The external fund manager backed by Berkshire Hathaway's Charlie Munger, Li Lu, makes no bones about it when he says 'The biggest investment risk is not the volatility of prices, but whether you will suffer a permanent loss of capital.' When we think about how risky a company is, we always like to look at its use of debt, since debt overload can lead to ruin. Importantly, Sims Limited (ASX:SGM) does carry debt. But the real question is whether this debt is making the company risky.
What Risk Does Debt Bring?
Debt and other liabilities become risky for a business when it cannot easily fulfill those obligations, either with free cash flow or by raising capital at an attractive price. Ultimately, if the company can't fulfill its legal obligations to repay debt, shareholders could walk away with nothing. While that is not too common, we often do see indebted companies permanently diluting shareholders because lenders force them to raise capital at a distressed price. Of course, debt can be an important tool in businesses, particularly capital heavy businesses. When we think about a company's use of debt, we first look at cash and debt together.

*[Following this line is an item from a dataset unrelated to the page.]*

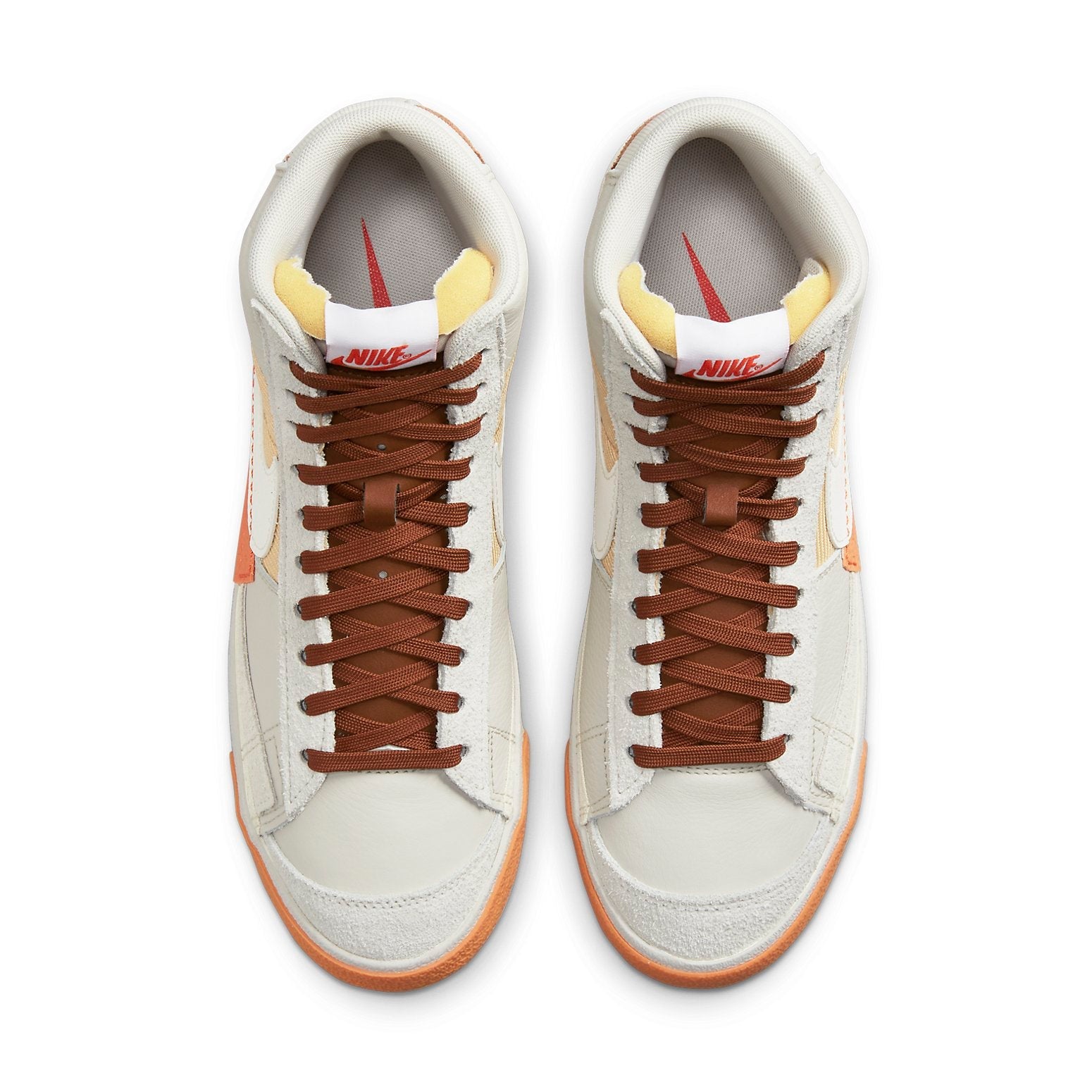 Nike Blazer '77 Pro Club 'Light Bone Pecan' DQ7673-001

How Much Debt Does Sims Carry?
As you can see below, at the end of December 2020, Sims had AU$144.0m of debt, up from AU$71.7m a year ago. Click the image for more detail. But on the other hand it also has AU$332.2m in cash, leading to a AU$188.2m net cash position.
A Look At Sims' Liabilities
We can see from the most recent balance sheet that Sims had liabilities of AU$598.1m falling due within a year, and liabilities of AU$625.0m due beyond that. Offsetting these obligations, it had cash of AU$332.2m as well as receivables valued at AU$398.1m due within 12 months. So its liabilities total AU$492.8m more than the combination of its cash and short-term receivables.

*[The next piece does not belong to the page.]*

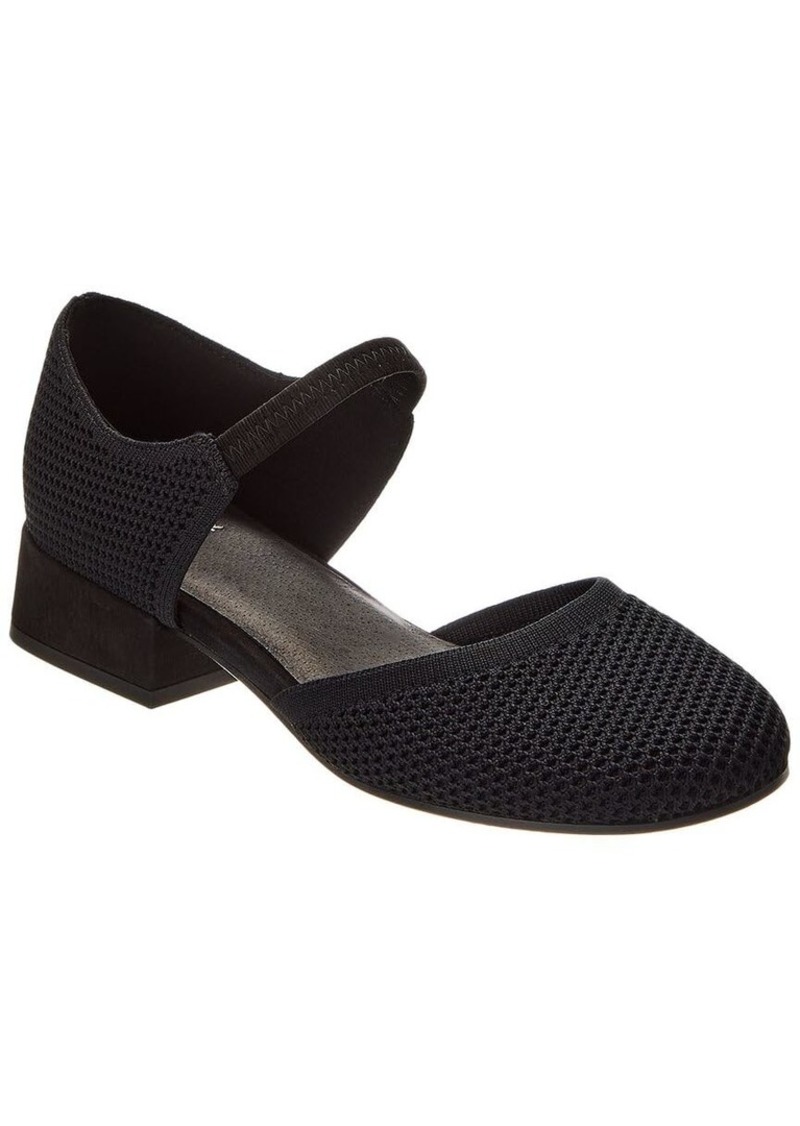 Eileen Fisher Women's Ammi Mary Jane Flat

Given Sims has a market capitalization of AU$3.03b, it's hard to believe these liabilities pose much threat. Having said that, it's clear that we should continue to monitor its balance sheet, lest it change for the worse. While it does have liabilities worth noting, Sims also has more cash than debt, so we're pretty confident it can manage its debt safely. There's no doubt that we learn most about debt from the balance sheet. But ultimately the future profitability of the business will decide if Sims can strengthen its balance sheet over time. So if you want to see what the professionals think, you might find this free report on analyst profit forecasts to be interesting.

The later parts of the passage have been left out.